The role playing did not end there, as participants were asked to perform a series of tests, part of a learning disability simulation.

The simulation was sponsored by "Parents Helping Parents," a Santa Clara-based organization that offers support and services for children with special needs and their families. Corelis facilitated the event.

"You are going to be experiencing distraction, confusion, and pressure," Corelis said. "All of these things are typical to what the student who is learning different faces every day."

The two-hour simulation is divided into three parts: a five-minute introduction, a six-part simulation, and a debriefing.

Participants join small groups and attend a "class" at each station, designed to focus on particular learning difficulties. Classes are held by moderators or "teachers" who guide participants through the exercises.

For example, the "spelling test" is designed to simulate hearing loss or auditory hearing problems.

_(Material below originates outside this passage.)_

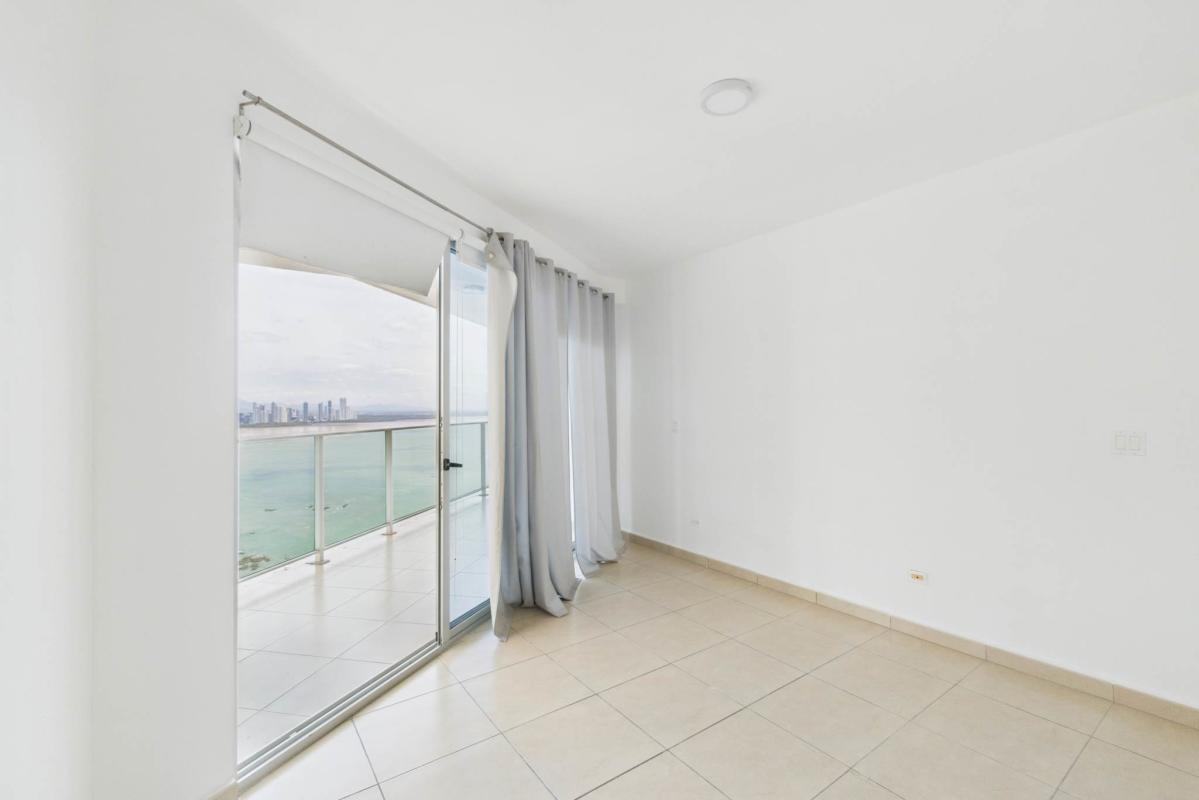 Luxury 3BR Oceanfront Condo in Punta Pacifica PH Oasis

Participants are asked to take a spelling test while getting their spelling words from a muffled and garbled audio tape.

"They do have a difficult time even with just the easy things we take for granted," said parent Janie Pollano, who has a daughter with a learning disability. "I think all of these exercises were valid. I could not do any of them."

The "mirror writing" exercise simulated problems with visual or motor tasks. Participants had to try and trace shapes, and write numbers and letters while looking at their writing hand through a mirror.

"It was hard to get your hand to go the opposite way. I couldn't get my hand to do what I wanted it to," said parent Julian Cervantes.

After an 90 minutes of participating in their fourth-grade learning disabled environment, parents and teachers were ready to call it a school day. After everyone had participated in each exercise and had a chance to talk about their feelings after each simulation, it was time for the group to meet and discuss their feelings as a whole.

Corelis asked people to give one-word answers as to how they felt during the simulation, which he then wrote on a white board. Words like frustration, tired, embarrassed, hopeless, stressed and unintelligent, made the list.

"You came into this room as parents and teachers, hopefully with a very high self-image," Corelis said. "After putting you through the stations, you can see how self-image can drop over the years out of these kids."

He said students with learning disabilities sometimes cannot help acting out or engaging in habits like fidgeting or being easily distracted.

It is important for parents and teachers to recognize the different learning needs of children and to accommodate them, Corelis said.